EXTRACTED INFORMATION:
######

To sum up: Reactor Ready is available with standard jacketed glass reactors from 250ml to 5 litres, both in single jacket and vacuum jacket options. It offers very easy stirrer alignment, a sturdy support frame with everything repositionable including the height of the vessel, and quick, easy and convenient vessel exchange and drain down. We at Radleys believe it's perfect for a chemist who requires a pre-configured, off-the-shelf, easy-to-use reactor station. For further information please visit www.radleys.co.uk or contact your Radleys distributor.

######

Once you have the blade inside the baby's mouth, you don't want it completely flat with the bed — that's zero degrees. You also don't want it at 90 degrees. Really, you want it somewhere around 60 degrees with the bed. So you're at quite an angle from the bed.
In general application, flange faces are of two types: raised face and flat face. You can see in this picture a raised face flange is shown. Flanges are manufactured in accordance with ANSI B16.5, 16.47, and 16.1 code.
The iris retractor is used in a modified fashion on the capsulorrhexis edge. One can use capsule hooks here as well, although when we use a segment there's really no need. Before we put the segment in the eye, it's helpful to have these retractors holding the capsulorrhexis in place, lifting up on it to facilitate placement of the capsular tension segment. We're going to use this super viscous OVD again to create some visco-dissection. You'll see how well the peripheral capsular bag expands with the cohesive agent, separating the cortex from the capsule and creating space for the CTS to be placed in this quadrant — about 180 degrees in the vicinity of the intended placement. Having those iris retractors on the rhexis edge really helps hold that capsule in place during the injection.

######

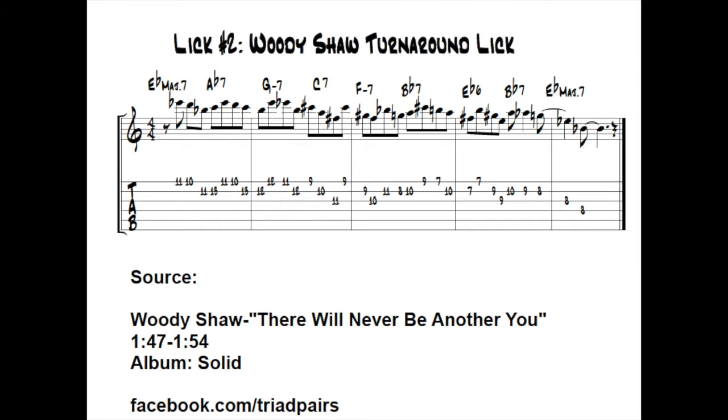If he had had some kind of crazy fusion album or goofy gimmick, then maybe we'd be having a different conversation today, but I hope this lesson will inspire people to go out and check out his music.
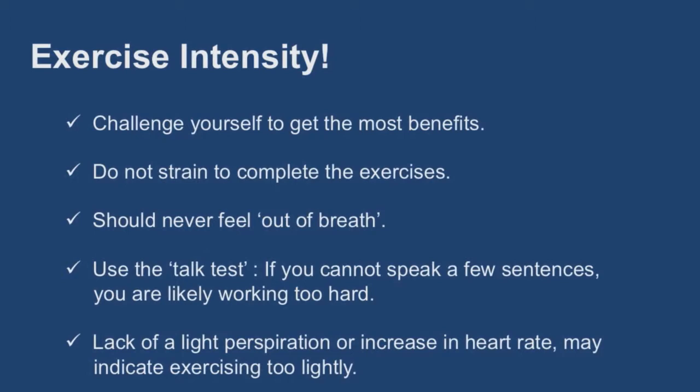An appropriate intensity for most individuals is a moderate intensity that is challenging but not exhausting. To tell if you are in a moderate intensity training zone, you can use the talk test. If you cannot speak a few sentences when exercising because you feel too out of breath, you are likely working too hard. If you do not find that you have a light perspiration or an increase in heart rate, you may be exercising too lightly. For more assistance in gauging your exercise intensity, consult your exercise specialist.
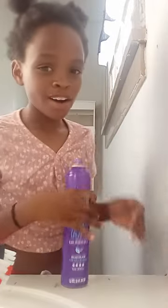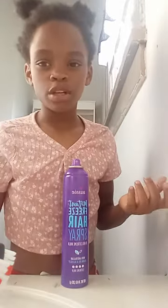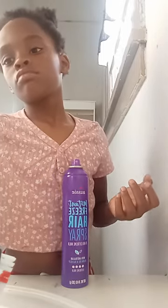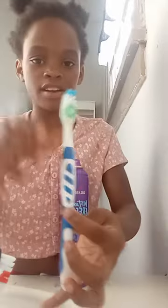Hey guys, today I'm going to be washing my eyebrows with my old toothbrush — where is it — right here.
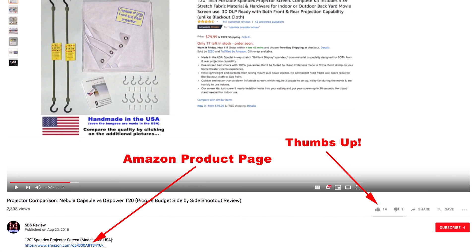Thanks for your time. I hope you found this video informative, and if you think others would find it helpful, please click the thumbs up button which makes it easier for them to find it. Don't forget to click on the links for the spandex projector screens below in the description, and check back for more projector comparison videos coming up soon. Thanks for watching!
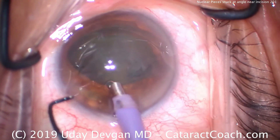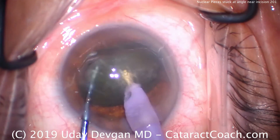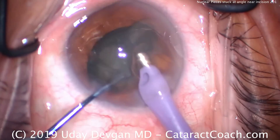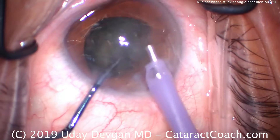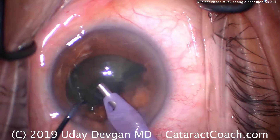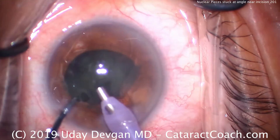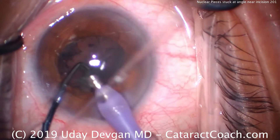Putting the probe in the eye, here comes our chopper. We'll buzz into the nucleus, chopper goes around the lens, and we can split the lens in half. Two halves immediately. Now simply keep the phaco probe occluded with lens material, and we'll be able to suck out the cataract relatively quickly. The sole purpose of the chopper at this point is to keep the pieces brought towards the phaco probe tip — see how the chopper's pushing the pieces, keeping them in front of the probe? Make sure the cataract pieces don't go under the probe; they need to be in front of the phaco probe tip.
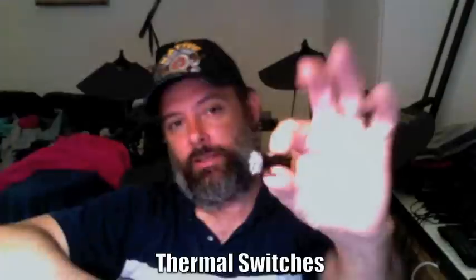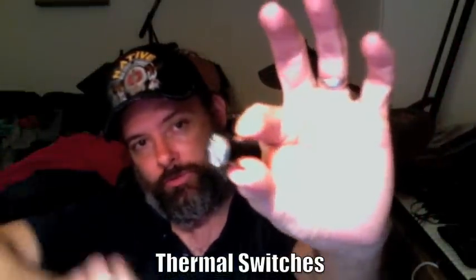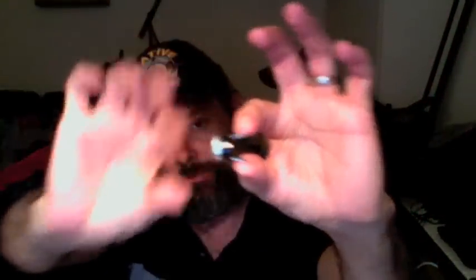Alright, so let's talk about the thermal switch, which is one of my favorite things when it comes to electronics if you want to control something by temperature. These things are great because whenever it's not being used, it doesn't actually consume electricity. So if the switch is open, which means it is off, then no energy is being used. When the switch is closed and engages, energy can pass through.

######

EXERCISE DETAILS: In the listing above, locate the line containing "Once you have" and the line containing "In general application, flange". Extract those two lines and every line between them, exactly as written, and only those.

COMPLETED EXERCISE:
Once you have the blade inside the baby's mouth, you don't want it completely flat with the bed — that's zero degrees. You also don't want it at 90 degrees. Really, you want it somewhere around 60 degrees with the bed. So you're at quite an angle from the bed.
In general application, flange faces are of two types: raised face and flat face. You can see in this picture a raised face flange is shown. Flanges are manufactured in accordance with ANSI B16.5, 16.47, and 16.1 code.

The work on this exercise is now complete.